> Problem description: Your answer must be an exact transcription of the data, with every picture omitted.

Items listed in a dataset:

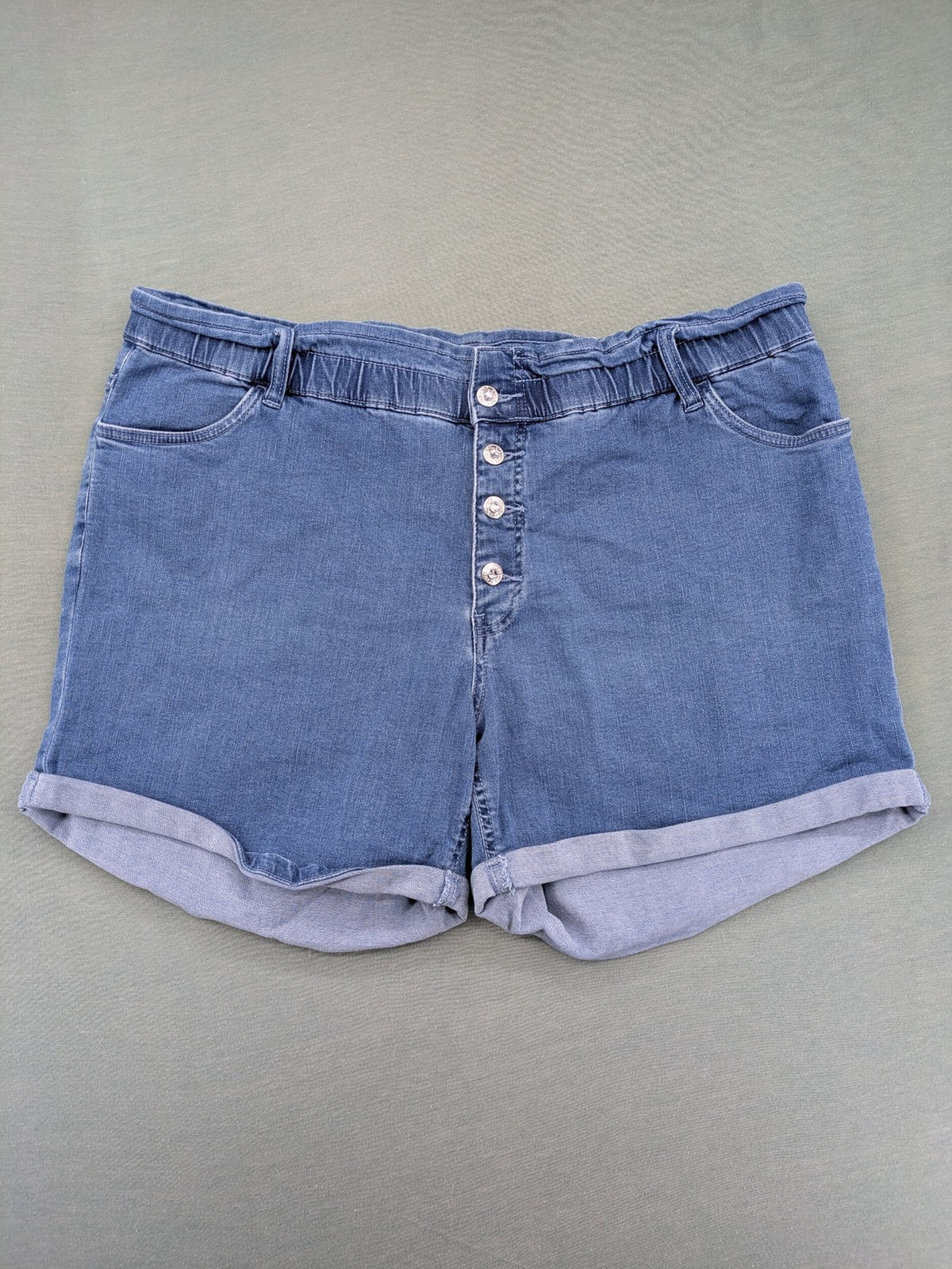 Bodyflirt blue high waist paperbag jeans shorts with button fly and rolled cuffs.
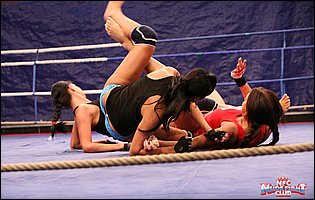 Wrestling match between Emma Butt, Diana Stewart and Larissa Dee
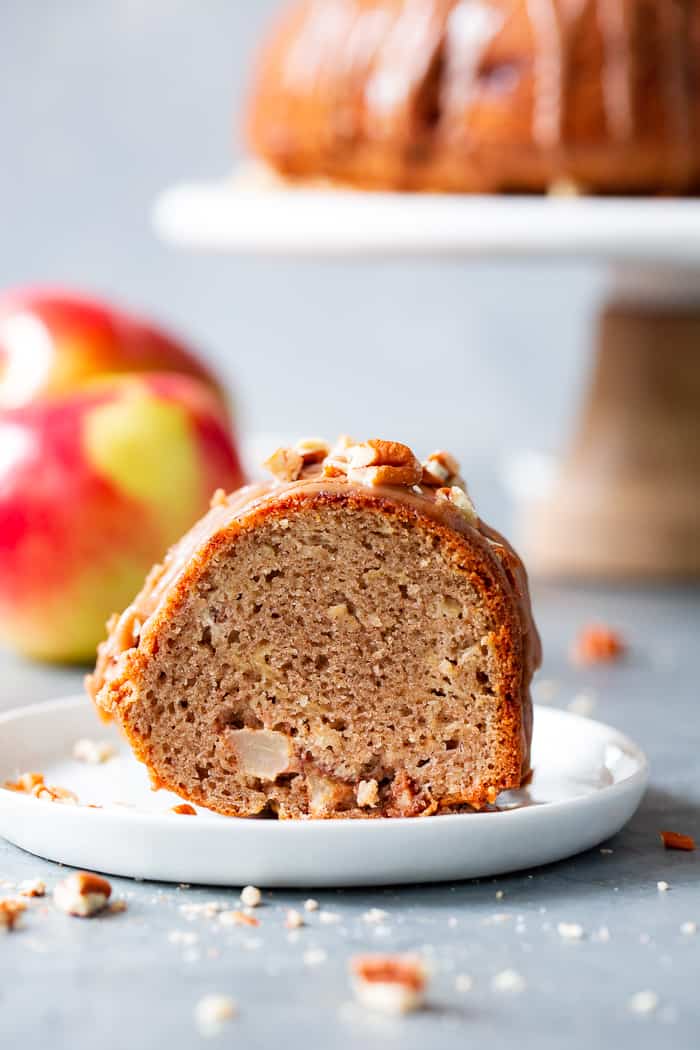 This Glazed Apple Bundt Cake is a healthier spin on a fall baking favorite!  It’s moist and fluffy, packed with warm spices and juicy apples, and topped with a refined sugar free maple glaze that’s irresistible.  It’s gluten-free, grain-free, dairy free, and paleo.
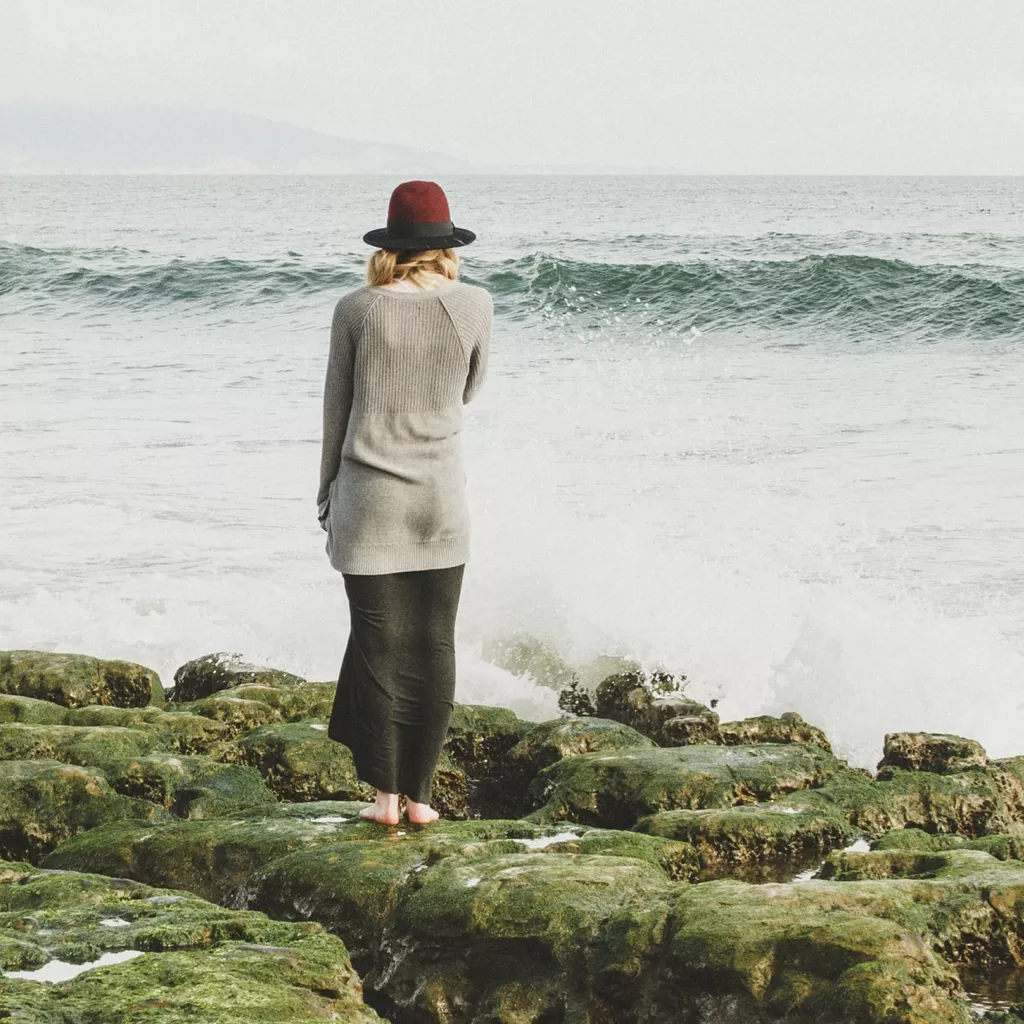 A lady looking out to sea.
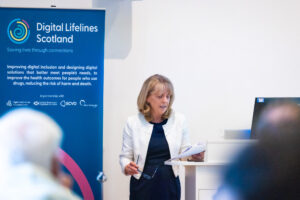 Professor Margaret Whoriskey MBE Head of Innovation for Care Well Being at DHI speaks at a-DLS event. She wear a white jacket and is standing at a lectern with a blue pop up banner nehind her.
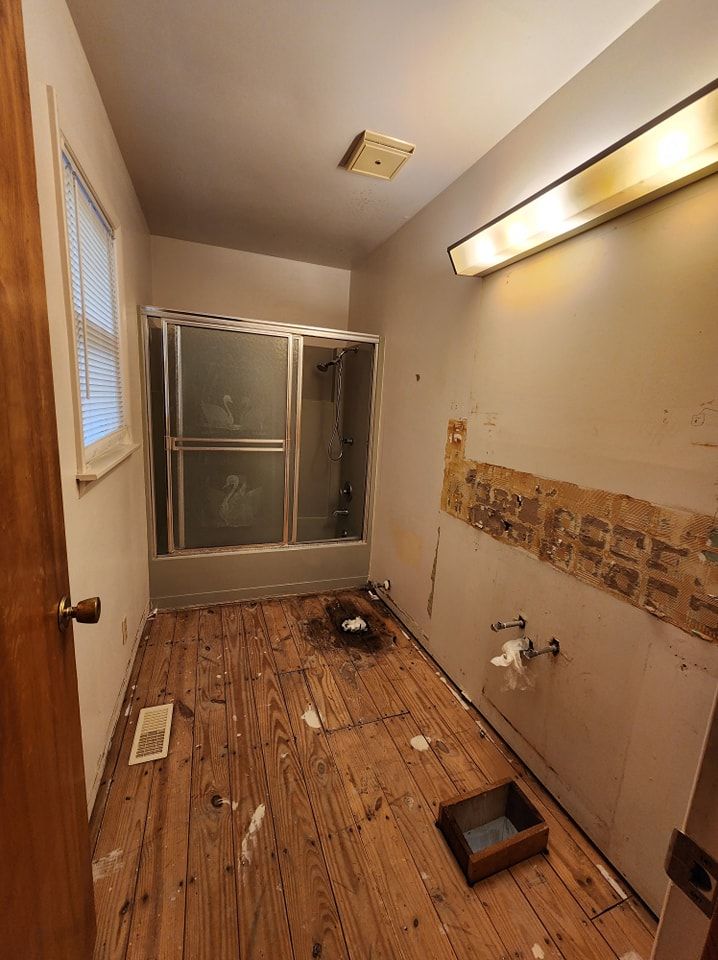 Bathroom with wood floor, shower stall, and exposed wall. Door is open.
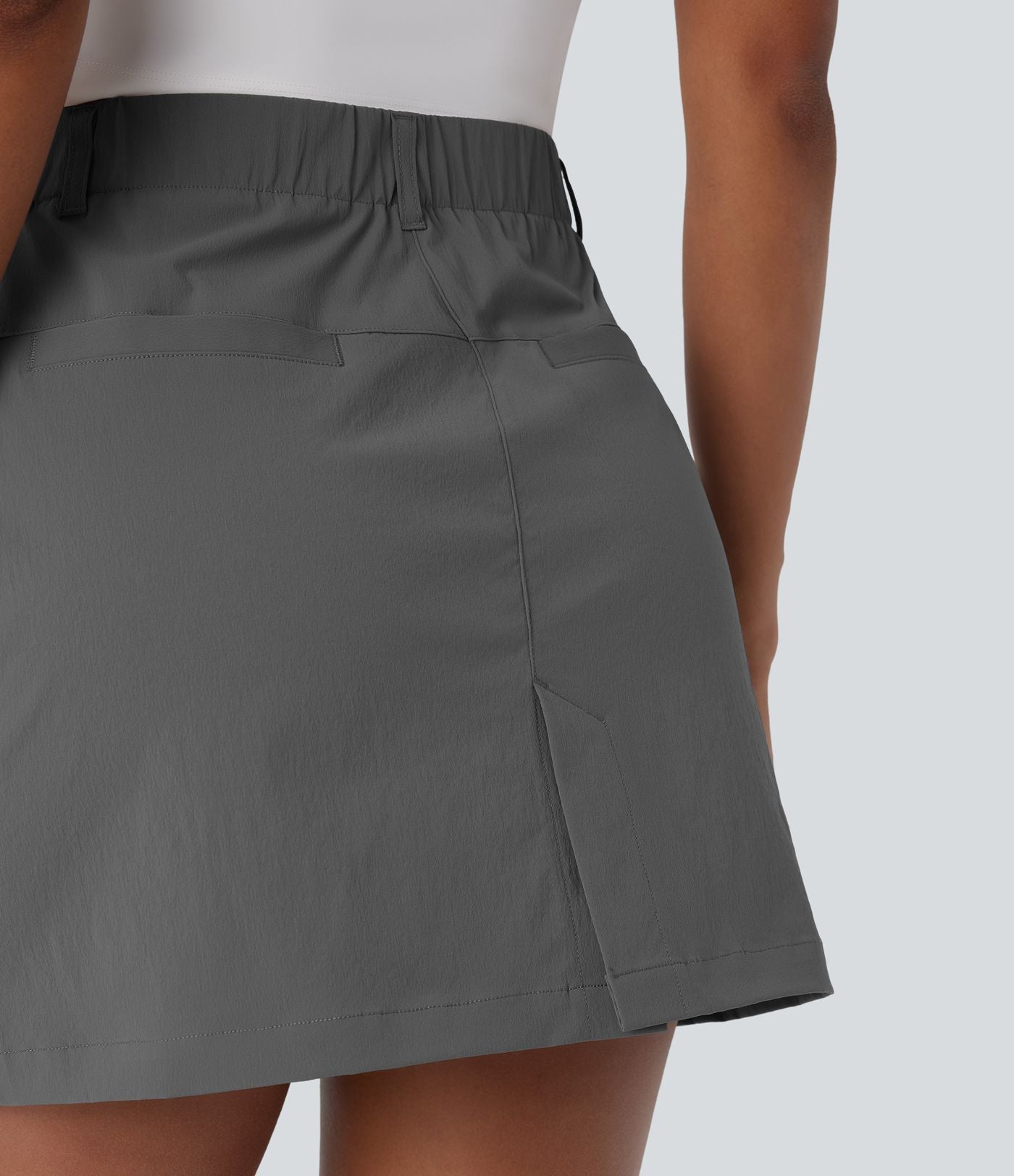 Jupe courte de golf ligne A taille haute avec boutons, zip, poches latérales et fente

> Exercise response:
 Bodyflirt blue high waist paperbag jeans shorts with button fly and rolled cuffs.
 Wrestling match between Emma Butt, Diana Stewart and Larissa Dee
 This Glazed Apple Bundt Cake is a healthier spin on a fall baking favorite!  It’s moist and fluffy, packed with warm spices and juicy apples, and topped with a refined sugar free maple glaze that’s irresistible.  It’s gluten-free, grain-free, dairy free, and paleo.
 A lady looking out to sea.
 Professor Margaret Whoriskey MBE Head of Innovation for Care Well Being at DHI speaks at a-DLS event. She wear a white jacket and is standing at a lectern with a blue pop up banner nehind her.
 Bathroom with wood floor, shower stall, and exposed wall. Door is open.
 Jupe courte de golf ligne A taille haute avec boutons, zip, poches latérales et fente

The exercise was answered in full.